---- Input

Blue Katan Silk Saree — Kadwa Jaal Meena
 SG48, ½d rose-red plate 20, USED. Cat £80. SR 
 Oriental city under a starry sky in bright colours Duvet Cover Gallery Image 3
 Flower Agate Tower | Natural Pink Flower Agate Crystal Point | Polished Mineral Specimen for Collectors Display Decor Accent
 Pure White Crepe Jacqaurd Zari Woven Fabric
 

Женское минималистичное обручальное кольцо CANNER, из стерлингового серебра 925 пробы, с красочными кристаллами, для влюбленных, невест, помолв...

--------

Problem requirements => Among the entries above, locate the lines containing "SG48, ½d rose-red" and "Pure White Crepe Jacqaurd Zari Woven Fabric", and transcribe exactly those two lines and all lines between.

Solved problem =>
 SG48, ½d rose-red plate 20, USED. Cat £80. SR 
 Oriental city under a starry sky in bright colours Duvet Cover Gallery Image 3
 Flower Agate Tower | Natural Pink Flower Agate Crystal Point | Polished Mineral Specimen for Collectors Display Decor Accent
 Pure White Crepe Jacqaurd Zari Woven Fabric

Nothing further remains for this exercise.